Abbas' aides said he also was upset after his lunch Thursday with Secretary
of State Condoleezza Rice. While discussing what a peace deal would look like,
Rice didn't mention the Palestinian goal of creating a state based on borders
before Israel captured Palestinian land during the 1967 Mideast war.
"We demanded that they talk about the '67 borders," Abbas told AP,
showing a rare flash of anger. "None of them talks about the '67 borders."
Asked whether U.S. officials offered any new U.S. proposals, Abbas said no.
"They are exerting efforts. And we are still negotiating," he said,
but he noted that no progress had been made on any of the core issues.
"All the files are still open. None of them are concluded. The situation
is still as it was," Abbas said, speaking in Arabic.
The main unresolved issues include the final borders of a Palestinian state,
the fate of Jerusalem, disputed Israeli settlements and Palestinian refugees.
Saeb Erekat, the chief Palestinian negotiator, said Bush didn't respond directly
when Abbas brought up the issue of Palestinian objections to continuing Israeli
settlement expansion when the two leaders met Thursday at the White House.

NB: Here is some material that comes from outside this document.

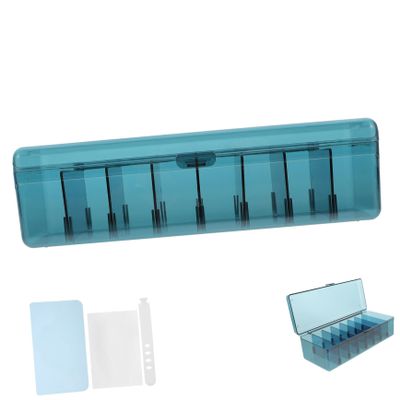 CHICAMPERA Data Cable Storage Box with Cover Desktop Cord Organizer for Tidy Workspaces Design Easy Access to Cables and Accessories Blue Color for Use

"Bush told him (Abbas) that I'm focusing on the bigger picture,"
Erekat explained.
Abbas said he was looking for a full Middle East peace framework agreement
that would be detailed and includes timetables, while the Israelis have signaled
that a "declaration of principles" would be enough of an achievement
before Bush leaves office in January 2009.
"We don't want a declaration of principle because we had one," Abbas
said, referring to the 1993 peace agreement reached at Oslo between the Palestinians
and Israel. "Now we want a normal agreement. And then we can go for the
details."
Despite his disappointment, Abbas said he would still meet with Israeli Prime
Minister Ehud Olmert regularly in hopes of achieving a deal. But there are no
three-way talks scheduled anytime soon with Bush, Abbas and Olmert.
Bush is scheduled to visit Israel in May to help Olmert celebrate the country's
60th anniversary, and then the U.S. president will travel to the Red Sea resort
of Sharm el-Sheikh to see Abbas separately.
"It will be a bilateral meeting between me and Bush. That is the meeting
I was invited for," Abbas said.
Abbas said the one thing he did achieve during his U.S visit was to lay out
the Palestinian conditions for any peace deal and press his case that he cannot
go for any partial agreement because the Palestinian people would not accept
it.
"We have made clear our position to the president, to the State Department
and to the Congress," Abbas said during the 15-minute interview in his
hotel room in Washington. "And now our position is very clear to all of
them."
Abbas' moderate and Western-backed government rules the West Bank, the territory
that would eventually form the bulk of an independent Palestinian state. Hamas,
the Islamic militant group that seized control of Gaza and serves a rival force
to Abbas, is not involved in the peace negotiations with Israel.
Abbas has been losing popular support for the peace process due to a lack of
any changes on the ground for people whose daily lives have been disrupted by
Israeli checkpoints and roadblocks that Israel says are meant to maintain security
and stop militant attacks on Israeli citizens.